Whether early or mature, once I have enough to be worth processing for storage, I clip them in half with the pruners, and then in quarters. At that point, I set aside any wormy or otherwise dark or decayed looking pieces. Normally a worm will only damage a quarter or half of a nut, leaving the rest usable. Once quartered, it is then easy to separate the shells from the nutmeats with one's fingers. I often make evening work of this, and with practice can do it (especially the final separating part) while reading, surfing, or watching video.
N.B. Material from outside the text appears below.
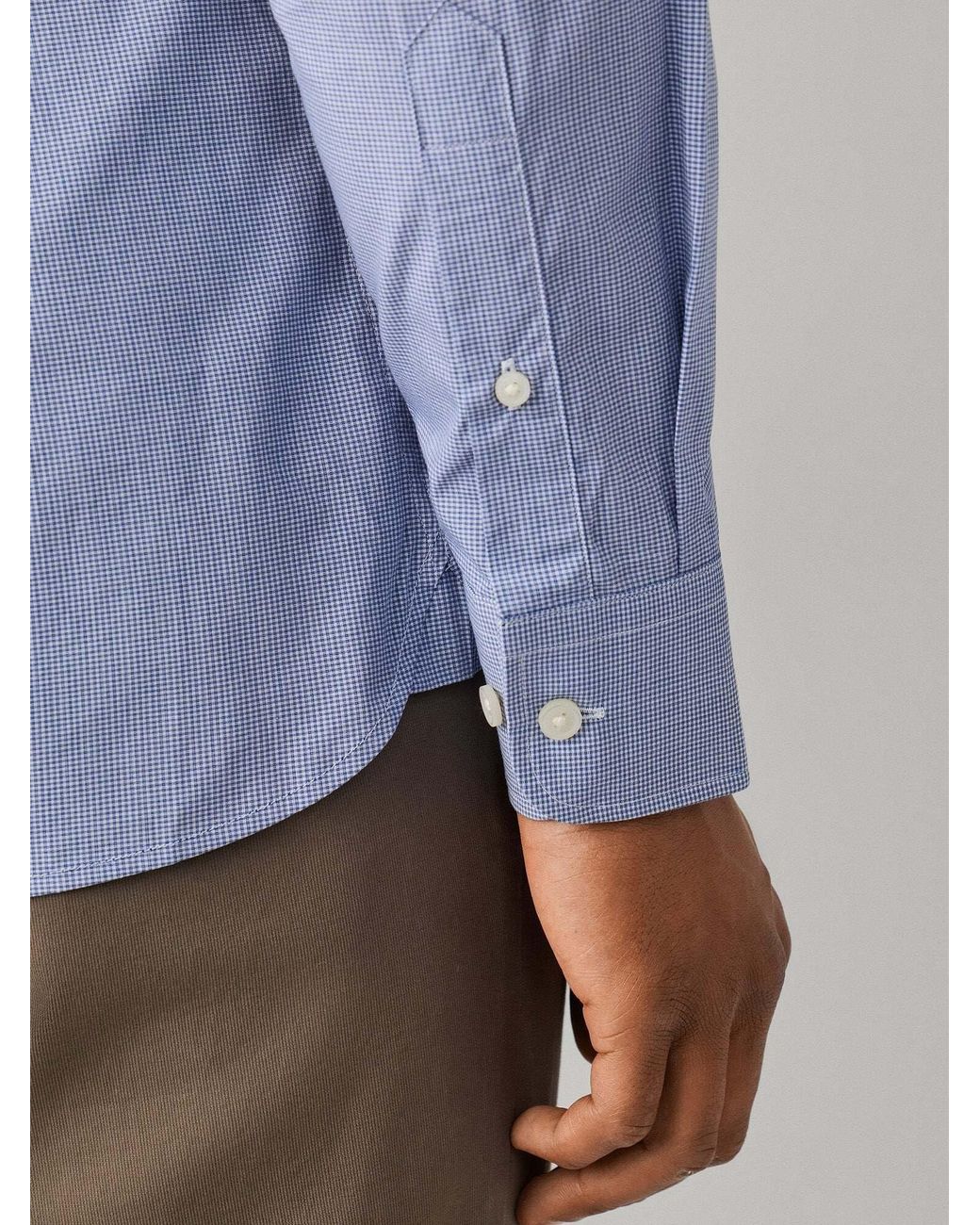 Hackett Freizeithemd CITY GINGHAM in Blue für Herren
Here again, many resources recommend grinding and leaching the acorn right at this stage, and then proceeding to cooking and immediate use, or re-drying, freezing, or other preparation for storage. Traditional native people would store harvested acorns in the shell, sometimes with preliminary drying. I am experimenting with this for the chicken feed acorns, and so far, a few months into storage, a significant number of acorns are moldy. Perhaps I did not dry them sufficiently, or perhaps they had so many they sorted these out, or perhaps some other factors are at play. I do know from research that traditional burning would reduce the number of worms in succeeding years' harvests....perhaps this is true of molds as well. In addition, acorns vary in fat content, and the favorite of native people was the black oak (Q. kelloggii), which has a higher fat content and stores better in the shell than the lowland oaks we have here (blue oak: Q. douglasii, and valley oak: Q. lobata). Being lower in fat, perhaps, lends them to dry storage out of shell with less danger of rancidity.
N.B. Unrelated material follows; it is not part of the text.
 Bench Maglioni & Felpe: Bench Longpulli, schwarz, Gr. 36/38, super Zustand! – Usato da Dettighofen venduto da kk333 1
So at this stage I spread the shelled quarters and pieces on trays or screens set out in the sun, bringing them under shelter at night or in the (rare at that season) rain, for several days until they are shatter-dry chips. Then I put them into a bucket and stir them around with my hand, which separates the thin, reddish brown skin that clings to the nut meats (which, like the shell, is bitter and rich in tannin). And then I put them up in tightly sealed jugs to store in our pantry shed, just like grain or dry beans. I'm still eating on the jug put up in 2012, and have two 5 gallon jugs full from last year's heavy crop.
So when I want to "do" a batch, I get out the desired amount (usually, like corn, we fill a smaller glass jar from the stock jug, and keep the jar in the kitchen, which holds several batches' worth), I grind them in our Vita-Mix blender. Before this, I would use our hand-crank coffee and grain grinder usually passing the stuff through it twice (once on a coarse setting, then finer). I dump the resulting flour onto a coarse piece of fabric in a colander, and then leach it by leaving it under a hose dribbling, preferably outside next to a thirsty plant. I've done it in the sink, too; although it takes up the space in the sink for several hours, and the tannin can leave a brown stain. With out comparatively mild tannin species, a few hours leaching is sufficient. You can simply taste the meal.....if it tastes bitter or like tea leaves, leave it leach more. Then I shut off the water and let the last of the water drip out for another few hours. (Ordinarily I grind in the morning and leave it to leach all day, then shut off the hose in the evening, put the dripping colander up off the ground somewhere and let it drip out overnight, preferably covered against bugs, debris, etc.)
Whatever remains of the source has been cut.